One might notice that the "special" array has a recursive structure. Therefore, the problem can be solved recursively.
We are going to have a recursive function which takes in a "special" array and the depth of the "special" array as arguments. The depth of the initial input array is going to be 1. The recursive function is going to return the sum of all elements in the "special" array.
We iterate over the "special" array and use a variable to hold the sum of the elements in the current "special" array.
If we get to an integer, we can just add the element to the sum.
If we encounter an array, we call the recursive function on it, passing in the array and its depth, which is the depth of the current array + 1. We add the returned value of the recursive function to the sum.
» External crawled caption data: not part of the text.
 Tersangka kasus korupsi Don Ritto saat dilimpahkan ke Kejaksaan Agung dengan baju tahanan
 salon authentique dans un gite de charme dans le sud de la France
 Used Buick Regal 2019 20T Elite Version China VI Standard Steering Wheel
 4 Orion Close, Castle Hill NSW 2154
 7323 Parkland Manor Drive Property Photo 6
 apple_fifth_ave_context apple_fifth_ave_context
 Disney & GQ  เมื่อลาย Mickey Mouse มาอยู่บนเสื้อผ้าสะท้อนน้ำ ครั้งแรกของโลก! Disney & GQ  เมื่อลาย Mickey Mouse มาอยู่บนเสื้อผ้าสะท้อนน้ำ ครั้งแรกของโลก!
After we get through all of the elements inside the array, we multiply the sum by the depth of the input array and return the result.
JavaScript:
function productSum(array, multiplier = 1) {
let sum = 0;
for (const element of array) {
if (Array.isArray(element)) {
sum += productSum(element, multiplier + 1);
} else {
sum += element;
}
}
return sum * multiplier;
}Go:
package main
type SpecialArray []interface{}
// Tip: Each element of `array` can either be cast
// to `SpecialArray` or `int`.
func ProductSum(array []interface{}) int {
return calculateProductSum(array, 1)
}
func calculateProductSum(array []interface{}, multiplier int) int {
sum := 0
for _, el := range array {
if specialArray, ok := el.(SpecialArray); ok {
sum += calculateProductSum(specialArray, multiplier+1)
} else if num, ok := el.(int); ok {
sum += num
}
}
return sum * multiplier
}-
Time Complexity: O(N), where N is the total number of elements in the array, including the sub-elements.
For instance, if the input array is
[6, [4, [5]], 3], then N = 3 + 2 + 1 = 6. 3 is the number of the elements in the outermost array:[6, [...], 3]. 2 is the number of the elements in the array[4, [...]]. 1 is the number of the elements in the array[5]. -
Space Complexity: O(D), where D is the maximum depth of "special" arrays in the array.